Abstract

ABSTRACT This paper critically examines and theorizes how digital technologies and forms of communication, such as men-only private chat groups, facilitate and mediate the forms of masculinity young heterosexual men in the UK co-construct, perform and negotiate in their homosocial interactions. Qualitative data is drawn from 8 focus groups and 17 one-to-one interviews with young men aged 18–25 years, who identify as cisgender and heterosexual (N = 40), which is analysed using critical masculinity theories, including the concept of homosociality.
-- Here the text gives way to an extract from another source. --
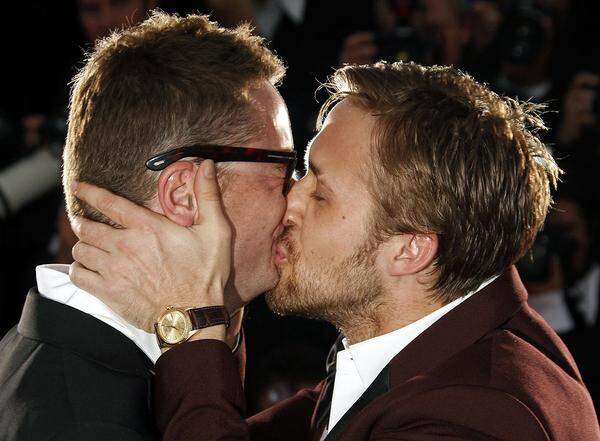 Regisseur Nicolas Winding Refn beim Fake-Schmusen mit Schauspieler Ryan Gosling. Refn wurde in Cannes für die beste Regie ausgezeichnet ("Drive").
Key findings indicate that the characteristics of online communication, including 24/7 connectivity and the ability to rapidly share online content, such as texts in men-only private chat groups, via the infrastructure of digital platforms, technologies and devices, facilitate ‘digitally mediated homosociality’, which changes in response to gendered hierarchies, relational norms and interactional needs. While participants often use online communications to engage in non-hierarchical homosociality via practices that enhance camaraderie, solidarity and emotional intimacy with other men, they also use them for hierarchical homosociality to acquire masculine status via practices that include non-consensually sexting teenage girls and women’s ‘nudes’, though they defensively distanced themselves from misogyny. We conclude by outlining how these findings can inform educational interventions that tackle misogyny and promote non-hierarchical masculinities.